→ **Dataset section**:
--*--

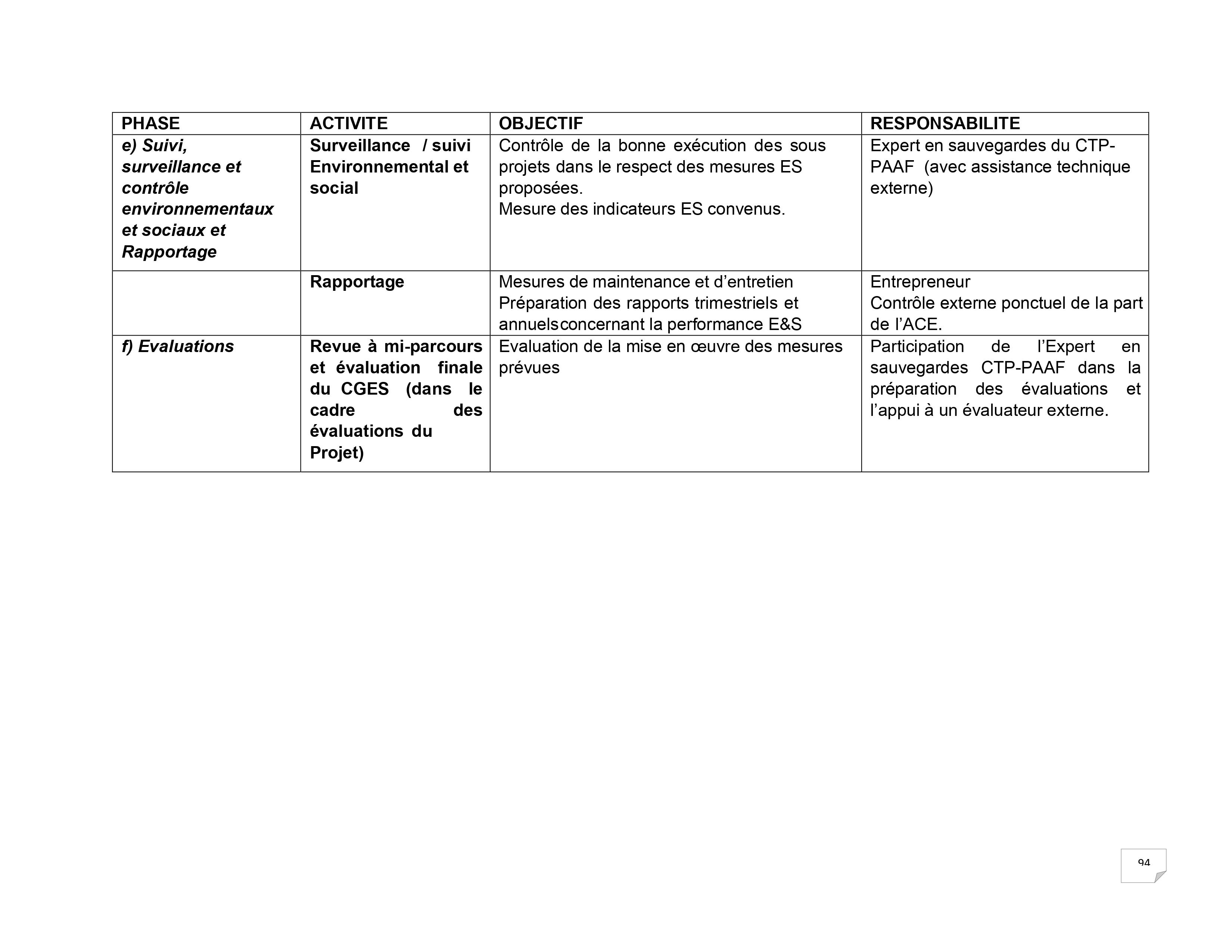 Droits tiers 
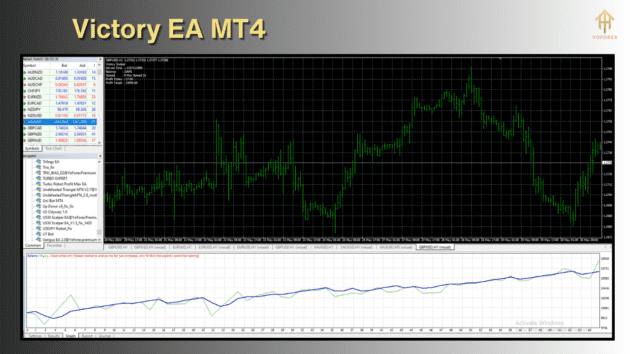 victory ea mt4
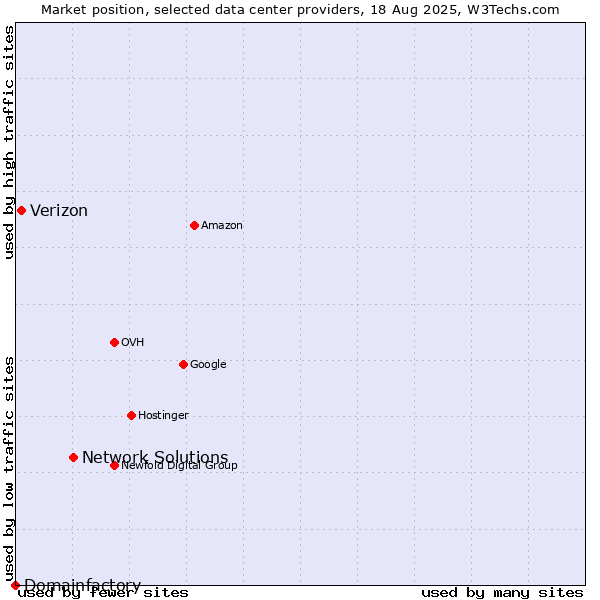 Market position of Network Solutions vs. Verizon vs. Domainfactory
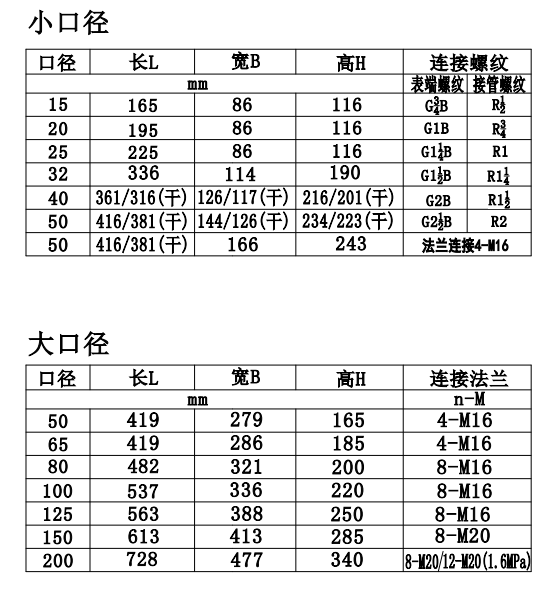 預付費水表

--*--

→ **Your goal**: The answer should consist only of the lines from the line with "victory ea mt4" through the last line of the data, repeated exactly; pictures stay out.

→ **Task result**:
 victory ea mt4
 Market position of Network Solutions vs. Verizon vs. Domainfactory
 預付費水表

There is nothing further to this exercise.